It’s deeply disappointing that our democratic republic is under assault and the federal government has yet to do anything to protect it. It is encouraging that, after the failure of the Freedom to Vote and John Lewis Voting Rights Advancement acts, our Maine delegation, including Sens. Susan Collins and Angus King, are working on improvements to federal laws, including the Electoral Count Act, in hopes of providing some minimum guardrails to protect our form of government. But reforming the Electoral Count Act alone is not enough.

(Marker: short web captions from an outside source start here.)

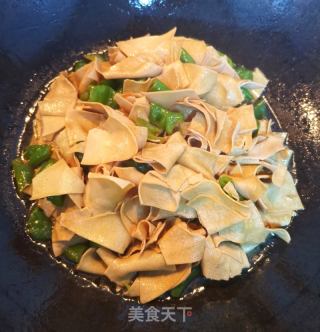 青椒炒豆腐皮的做法步骤：9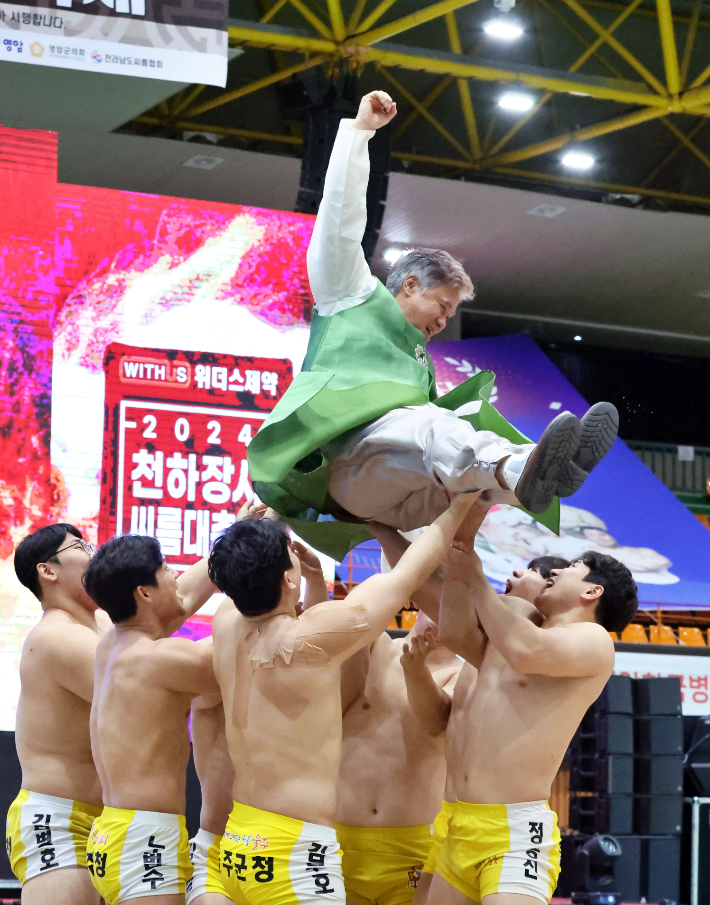 울주군청 선수들이 이대진 감독을 헹가래치는 모습. 협회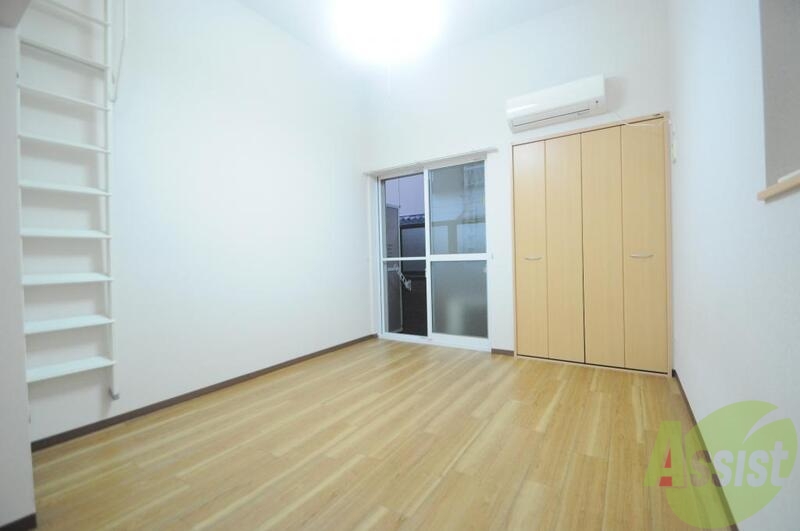 居室・リビング　７畳あるリビングは天井も高く、開放感があります！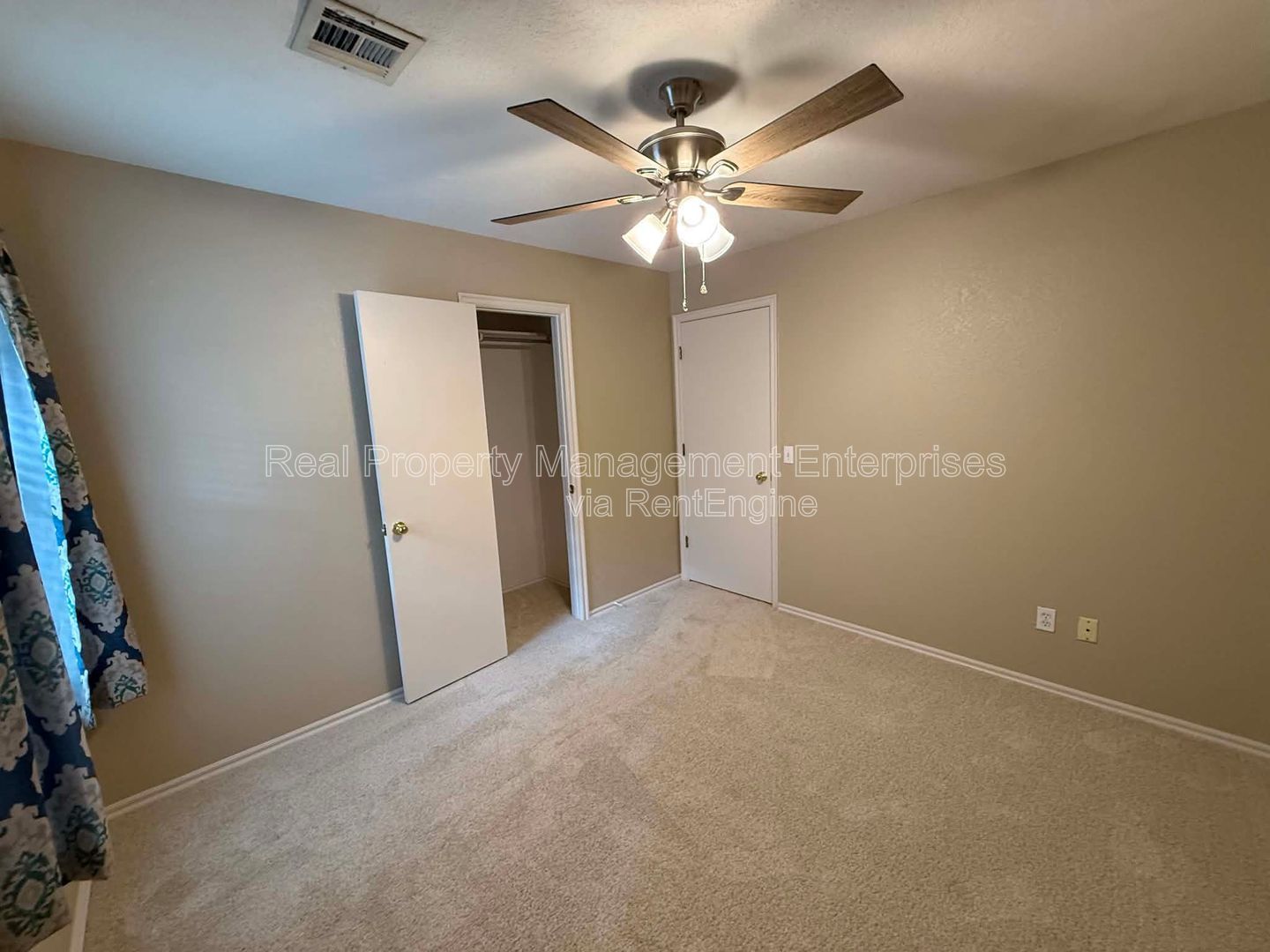 Gallery Image 19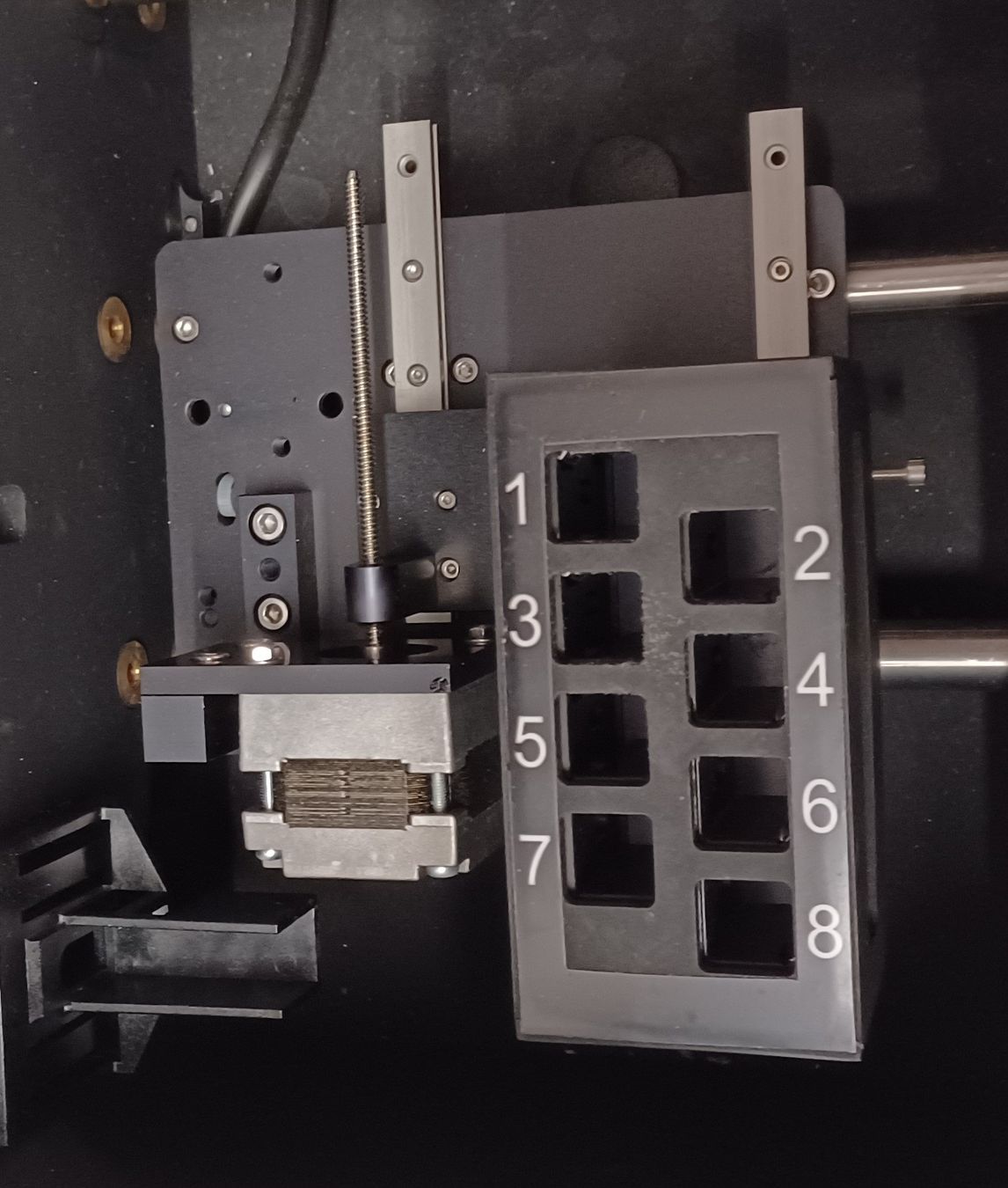 Tutte le macchine: Analytik Jena Specord 210 Plus Spectral photometer – Usato da Niederdorf venduto da LeptonAG_Labor 8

Without these minimum national guardrails, individual state legislatures are chipping away at our national representative democracy. Following the most secure presidential election in the country’s history, 19 states have passed 34 laws making access to the ballot more difficult and more intimidating, including removal of secure drop boxes, limits on mail-in voting, voter-roll purges and creation of “election police.”

Both houses of Congress and both political parties have a responsibility to the American people, to the Constitution and to their oath of office to codify a national floor for voter access, to establish processes for nonpartisan redistricting and to ensure that post-election fraud and subversion is thwarted and prosecuted to guarantee a republican form of government to every state in the Union and at the national level.

All of Maine’s federal delegation must lead, and win, the fight now to preserve and protect this democratic republic by taking action before it is too late. Improvements to the Electoral Count Act are but a first step.